WHAT IS EXPECTED:
When you restate the entries that follow, keep every word exactly and drop the pictures.

PROVIDED DATA:

┄┄┄┄┄┄┄┄┄┄

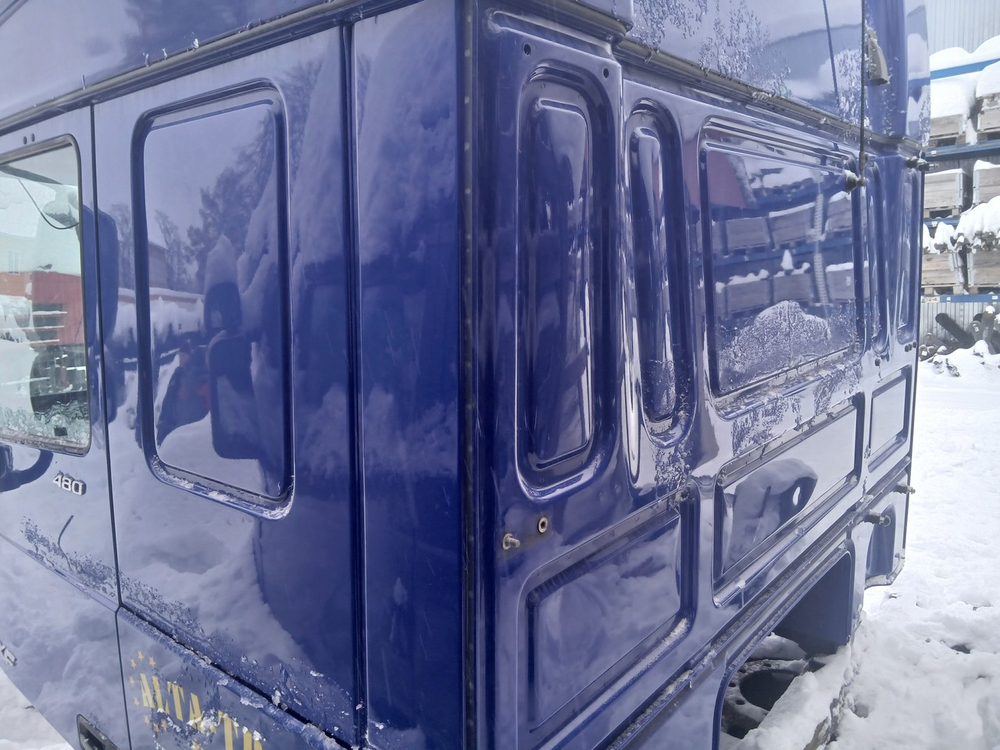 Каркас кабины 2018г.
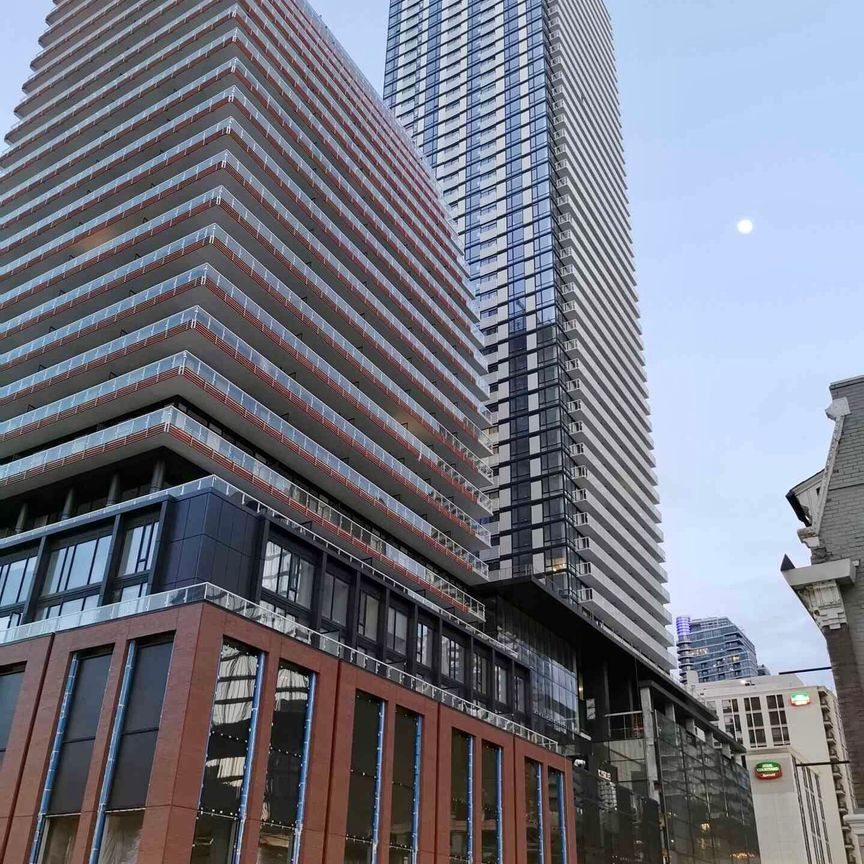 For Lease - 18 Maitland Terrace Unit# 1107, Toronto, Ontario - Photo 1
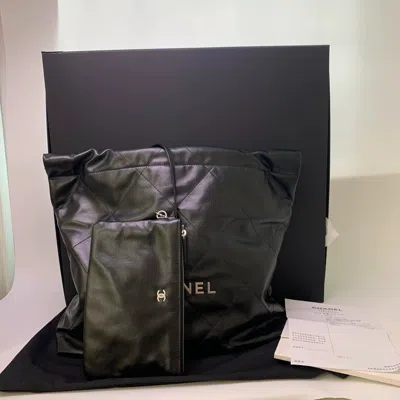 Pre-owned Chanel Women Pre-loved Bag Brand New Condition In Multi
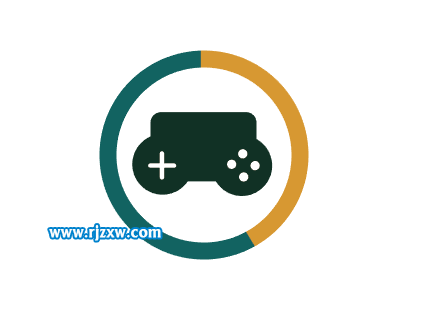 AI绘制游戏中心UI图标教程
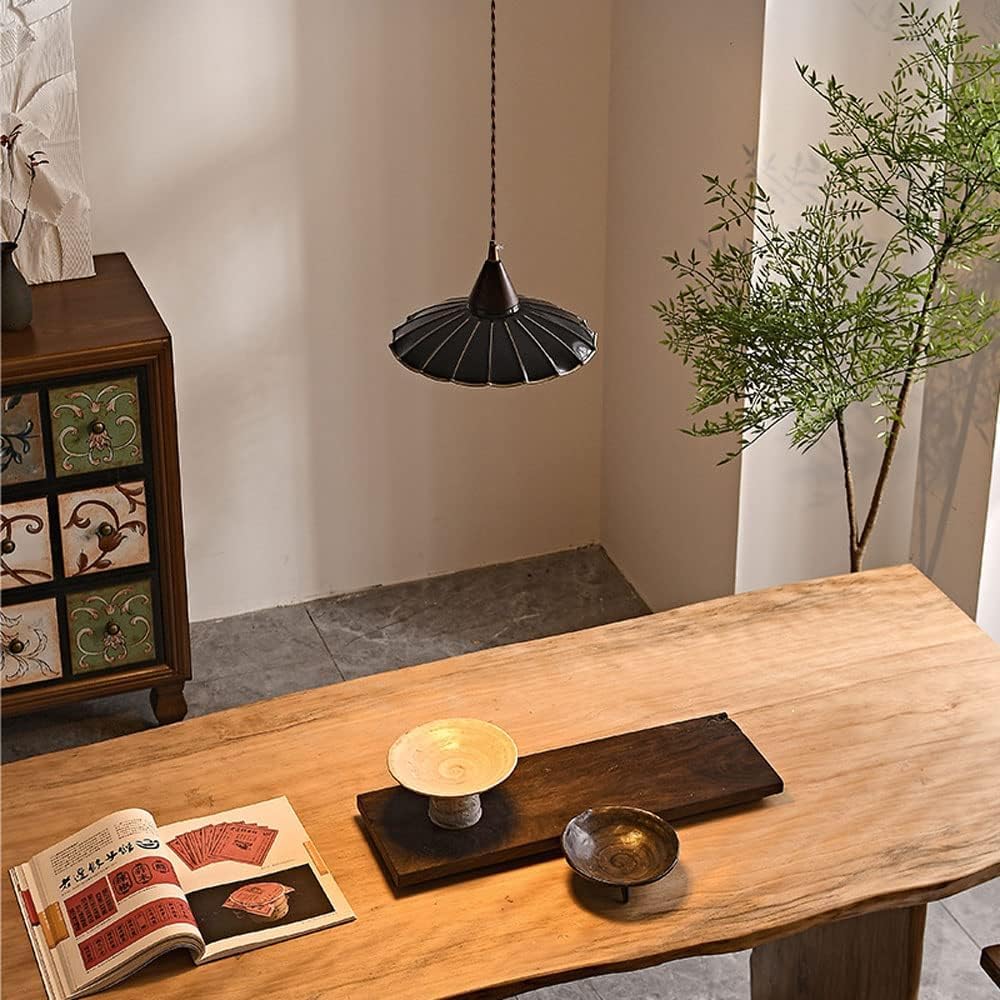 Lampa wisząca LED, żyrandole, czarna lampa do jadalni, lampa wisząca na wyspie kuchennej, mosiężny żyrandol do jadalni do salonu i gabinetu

┄┄┄┄┄┄┄┄┄┄

TASK OUTPUT:
 Каркас кабины 2018г.
 For Lease - 18 Maitland Terrace Unit# 1107, Toronto, Ontario - Photo 1
 Pre-owned Chanel Women Pre-loved Bag Brand New Condition In Multi
 AI绘制游戏中心UI图标教程
 Lampa wisząca LED, żyrandole, czarna lampa do jadalni, lampa wisząca na wyspie kuchennej, mosiężny żyrandol do jadalni do salonu i gabinetu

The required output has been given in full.